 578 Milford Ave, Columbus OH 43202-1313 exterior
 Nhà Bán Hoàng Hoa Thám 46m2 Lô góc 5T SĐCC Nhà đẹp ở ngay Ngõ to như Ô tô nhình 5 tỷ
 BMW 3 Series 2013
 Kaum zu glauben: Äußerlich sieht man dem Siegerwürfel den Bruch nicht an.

...

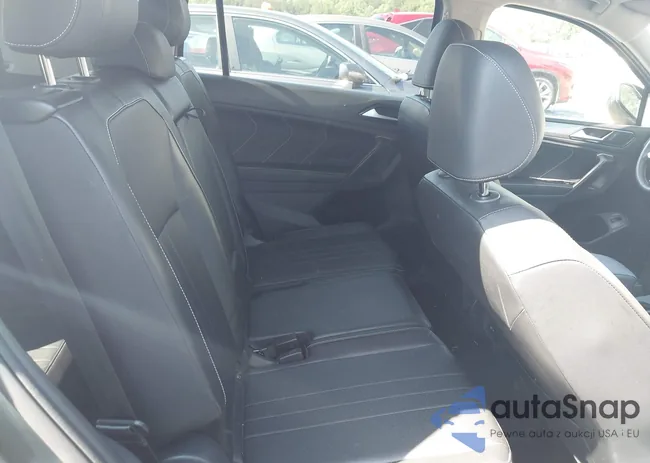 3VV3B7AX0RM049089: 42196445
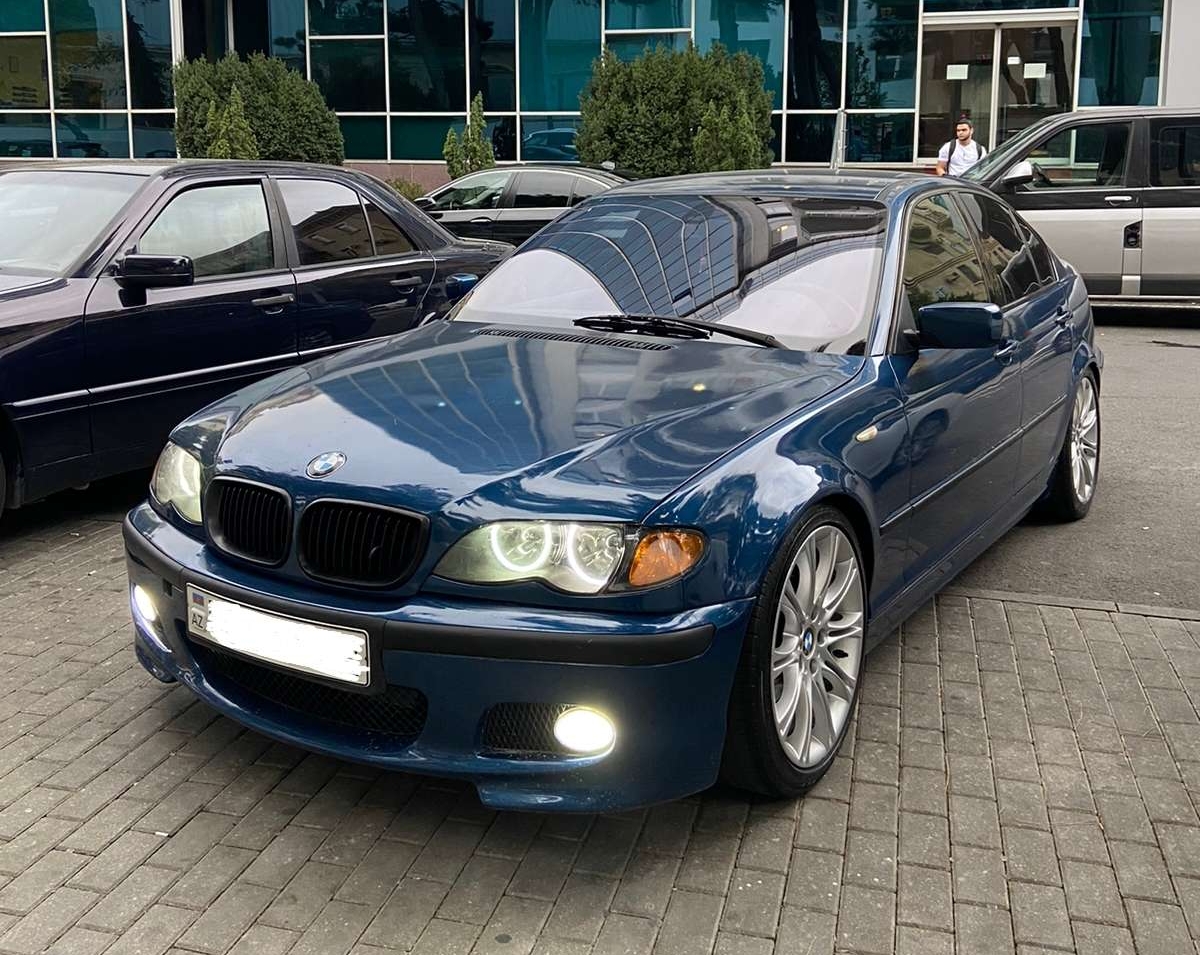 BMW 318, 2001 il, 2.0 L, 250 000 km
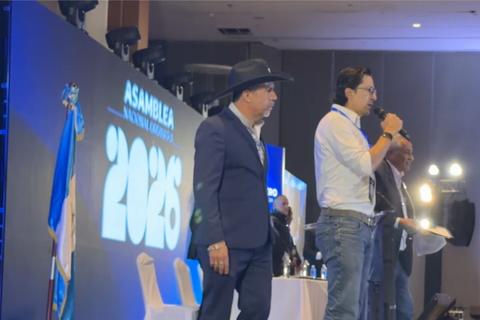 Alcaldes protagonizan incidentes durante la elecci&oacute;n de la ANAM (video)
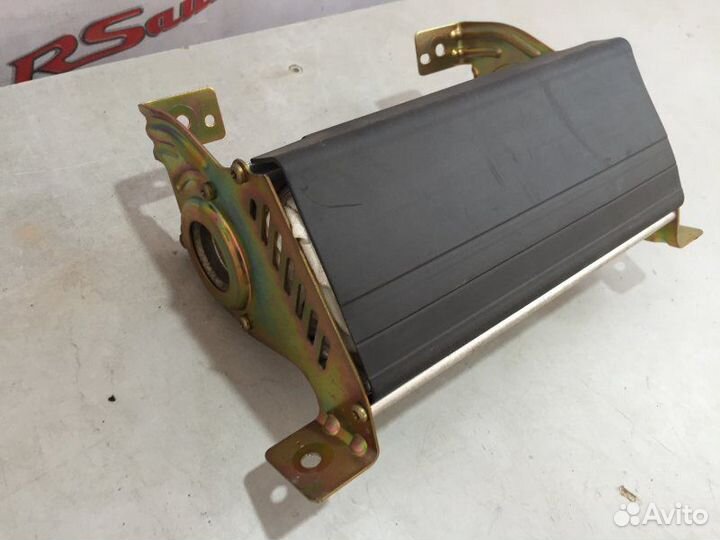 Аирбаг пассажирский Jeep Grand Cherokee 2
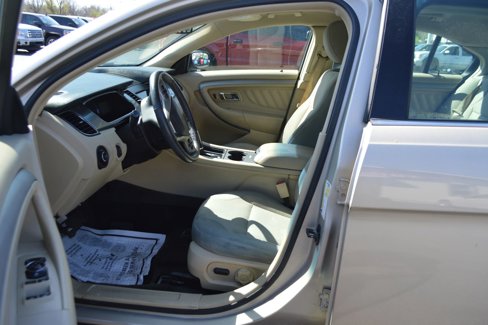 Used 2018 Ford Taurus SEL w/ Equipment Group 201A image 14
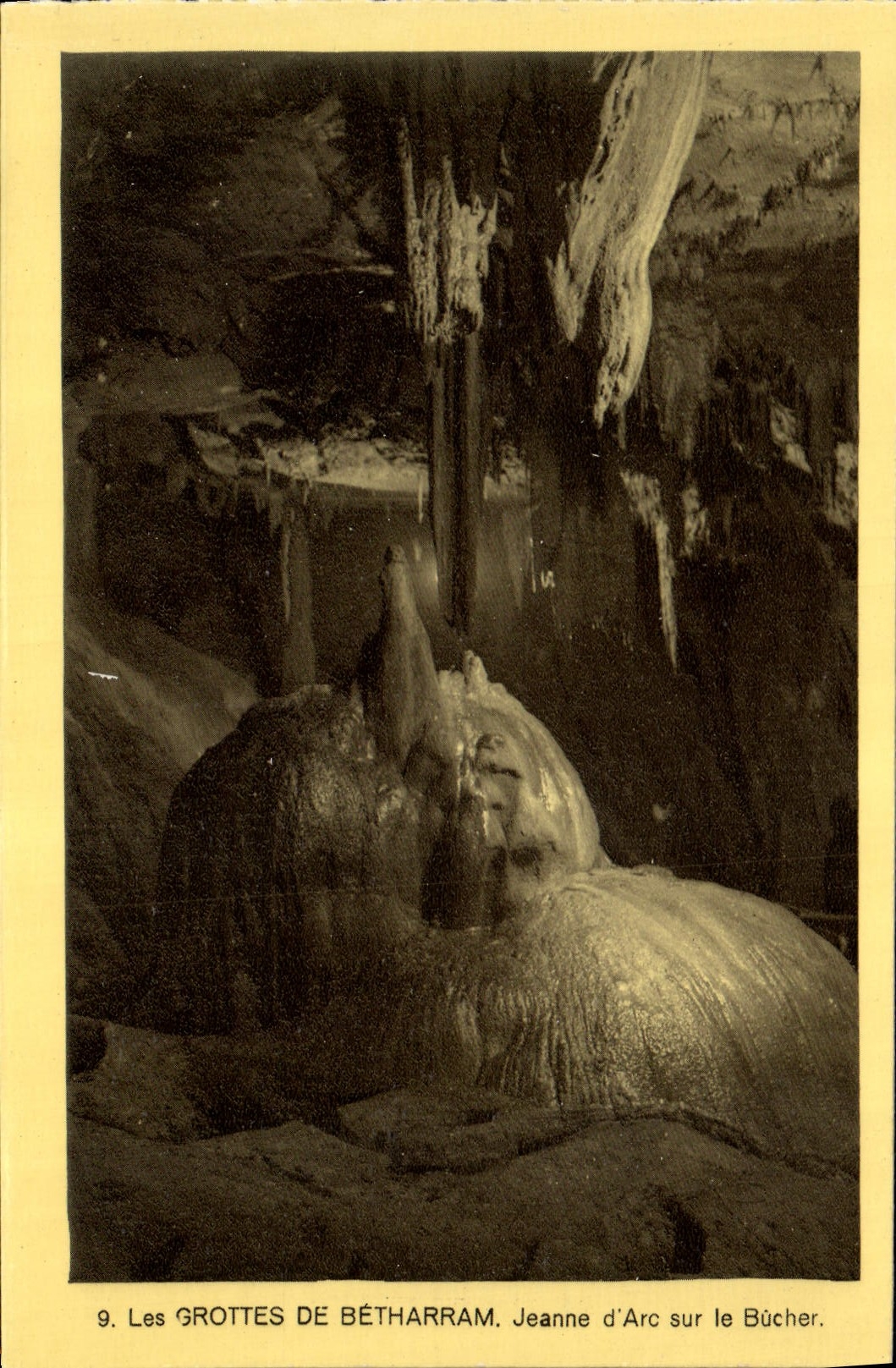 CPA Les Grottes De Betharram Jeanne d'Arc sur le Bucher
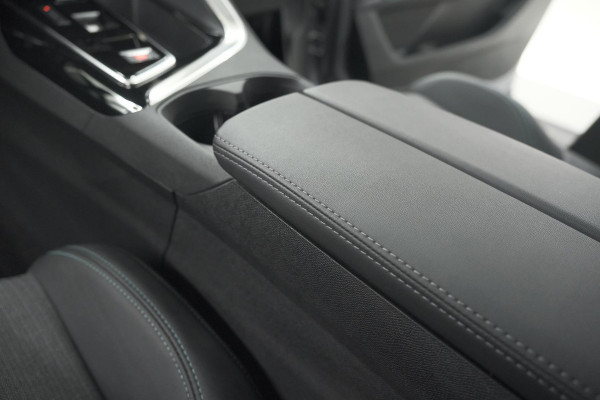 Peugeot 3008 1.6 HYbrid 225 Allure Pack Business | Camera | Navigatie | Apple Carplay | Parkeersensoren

* [What to produce] With pictures omitted, repeat the entries above word for word from the line holding "Used 2018 Ford" down to the line holding "Peugeot 3008 1.6", keeping both of those lines.

* [Solution to the exercise]
 Used 2018 Ford Taurus SEL w/ Equipment Group 201A image 14
 CPA Les Grottes De Betharram Jeanne d'Arc sur le Bucher
 Peugeot 3008 1.6 HYbrid 225 Allure Pack Business | Camera | Navigatie | Apple Carplay | Parkeersensoren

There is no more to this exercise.